Rewriting is Where the Work Is: One More Draft After the Other
By Writers Boot Camp Founder Jeffrey Gordon (revised from the 2019 Career Progress Notebook)
Considering how few spec feature films or pilots are bought or produced, most scripts are potential writing samples. As we have discussed prior, the likelihood of newer writers selling or even optioning early scripts is reduced by lack of conceptual vetting due to inexperience, incomplete ideation, lack of understanding of structure and cursory approach to rewriting.
While great ideas and productivity are a powerful combination, rewriting proficiency (the Pro in Pro Membership could stand for Proficiency in Rewriting) is how writers make their breaks, get paid and, ultimately, make their living.

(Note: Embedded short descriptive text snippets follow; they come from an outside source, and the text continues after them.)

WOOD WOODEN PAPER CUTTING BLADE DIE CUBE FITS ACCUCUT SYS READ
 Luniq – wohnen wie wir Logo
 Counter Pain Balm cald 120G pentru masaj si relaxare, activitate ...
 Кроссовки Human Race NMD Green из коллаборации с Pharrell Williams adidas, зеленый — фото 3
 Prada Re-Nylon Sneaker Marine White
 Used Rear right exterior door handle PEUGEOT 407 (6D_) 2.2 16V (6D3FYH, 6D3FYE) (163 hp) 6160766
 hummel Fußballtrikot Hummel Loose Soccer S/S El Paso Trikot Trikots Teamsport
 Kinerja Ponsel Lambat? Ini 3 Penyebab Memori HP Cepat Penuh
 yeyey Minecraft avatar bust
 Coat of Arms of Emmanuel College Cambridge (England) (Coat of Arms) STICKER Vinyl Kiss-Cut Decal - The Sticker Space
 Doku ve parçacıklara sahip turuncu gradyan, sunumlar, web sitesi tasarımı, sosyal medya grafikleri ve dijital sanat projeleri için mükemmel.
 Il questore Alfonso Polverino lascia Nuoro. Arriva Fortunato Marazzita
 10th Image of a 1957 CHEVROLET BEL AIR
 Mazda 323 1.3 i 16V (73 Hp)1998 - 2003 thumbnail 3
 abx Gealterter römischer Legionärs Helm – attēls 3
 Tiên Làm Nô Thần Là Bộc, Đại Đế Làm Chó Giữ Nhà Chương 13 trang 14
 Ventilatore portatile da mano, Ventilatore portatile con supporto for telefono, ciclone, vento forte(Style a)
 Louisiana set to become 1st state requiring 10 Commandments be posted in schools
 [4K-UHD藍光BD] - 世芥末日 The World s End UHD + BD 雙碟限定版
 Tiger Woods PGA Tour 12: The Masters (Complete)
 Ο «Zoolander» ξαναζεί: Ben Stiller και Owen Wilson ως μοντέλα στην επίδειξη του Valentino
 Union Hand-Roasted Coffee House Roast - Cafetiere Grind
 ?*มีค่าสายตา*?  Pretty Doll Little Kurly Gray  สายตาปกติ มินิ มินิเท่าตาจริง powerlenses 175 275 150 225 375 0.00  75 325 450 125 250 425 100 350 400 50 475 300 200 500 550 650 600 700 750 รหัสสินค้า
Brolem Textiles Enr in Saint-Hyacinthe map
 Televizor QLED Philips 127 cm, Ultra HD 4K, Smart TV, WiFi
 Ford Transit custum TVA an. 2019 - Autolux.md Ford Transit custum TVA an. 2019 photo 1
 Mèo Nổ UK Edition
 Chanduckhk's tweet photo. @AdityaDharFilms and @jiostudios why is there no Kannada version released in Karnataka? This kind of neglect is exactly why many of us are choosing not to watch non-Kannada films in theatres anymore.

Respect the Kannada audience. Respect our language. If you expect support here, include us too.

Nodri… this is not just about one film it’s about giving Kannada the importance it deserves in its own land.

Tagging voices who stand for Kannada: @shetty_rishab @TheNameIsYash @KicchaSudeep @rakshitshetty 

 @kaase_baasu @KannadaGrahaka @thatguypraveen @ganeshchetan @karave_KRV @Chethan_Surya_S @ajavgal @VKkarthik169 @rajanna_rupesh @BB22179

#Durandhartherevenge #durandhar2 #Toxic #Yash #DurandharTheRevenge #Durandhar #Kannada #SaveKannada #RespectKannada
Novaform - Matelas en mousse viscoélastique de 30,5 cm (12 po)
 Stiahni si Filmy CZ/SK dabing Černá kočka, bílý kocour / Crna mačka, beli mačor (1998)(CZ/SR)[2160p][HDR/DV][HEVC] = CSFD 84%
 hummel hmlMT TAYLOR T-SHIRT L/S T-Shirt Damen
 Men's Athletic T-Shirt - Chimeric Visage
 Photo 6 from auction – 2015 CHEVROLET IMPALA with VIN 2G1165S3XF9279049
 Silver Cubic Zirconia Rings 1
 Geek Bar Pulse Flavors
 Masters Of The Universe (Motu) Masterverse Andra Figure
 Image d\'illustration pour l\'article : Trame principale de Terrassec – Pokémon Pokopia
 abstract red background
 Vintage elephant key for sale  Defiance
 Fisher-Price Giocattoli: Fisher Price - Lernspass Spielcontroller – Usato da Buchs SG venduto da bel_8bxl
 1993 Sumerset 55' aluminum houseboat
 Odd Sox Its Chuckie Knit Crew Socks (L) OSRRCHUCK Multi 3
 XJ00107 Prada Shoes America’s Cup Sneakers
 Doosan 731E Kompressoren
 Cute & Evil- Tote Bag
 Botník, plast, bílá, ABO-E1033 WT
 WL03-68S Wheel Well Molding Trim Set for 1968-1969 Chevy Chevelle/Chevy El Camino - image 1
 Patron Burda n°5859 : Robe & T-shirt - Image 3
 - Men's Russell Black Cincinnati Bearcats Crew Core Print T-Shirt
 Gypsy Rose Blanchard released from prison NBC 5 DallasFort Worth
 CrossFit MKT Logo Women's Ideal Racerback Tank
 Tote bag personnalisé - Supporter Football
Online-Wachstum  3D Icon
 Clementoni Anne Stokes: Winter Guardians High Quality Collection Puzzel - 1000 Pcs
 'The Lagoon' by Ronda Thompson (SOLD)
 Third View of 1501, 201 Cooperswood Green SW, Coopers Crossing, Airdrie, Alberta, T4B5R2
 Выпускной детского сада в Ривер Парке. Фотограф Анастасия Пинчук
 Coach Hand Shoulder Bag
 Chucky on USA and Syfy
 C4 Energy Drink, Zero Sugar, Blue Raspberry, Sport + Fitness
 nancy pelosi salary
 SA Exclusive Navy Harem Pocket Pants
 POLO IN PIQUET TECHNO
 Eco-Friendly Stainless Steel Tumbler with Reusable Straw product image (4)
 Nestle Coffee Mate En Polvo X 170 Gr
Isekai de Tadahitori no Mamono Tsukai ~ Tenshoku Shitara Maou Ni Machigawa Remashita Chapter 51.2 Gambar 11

Here’s how rewriting applies to the career:
–A spec doesn’t become special without significant and less conventional rewriting; the key to rewriting is layering and bringing enough material to a draft to fulfill the promise of the fresh entertainment inherent in the idea. Most new writers work too linearly and text-driven too early in the process and are overly concerned with the script making sense for submission prematurely. This leads to project burnout because writers try to do too much with the first or second rewrite due to impatience.
–If there’s mild interest in your feature spec or pilot spec, early fans of your work will more than likely ask you to rewrite on spec (without getting paid or a formal deal) as a method of hip-pocketing the opportunity, and they’ll gradually lose interest if the rewrites don’t wow them.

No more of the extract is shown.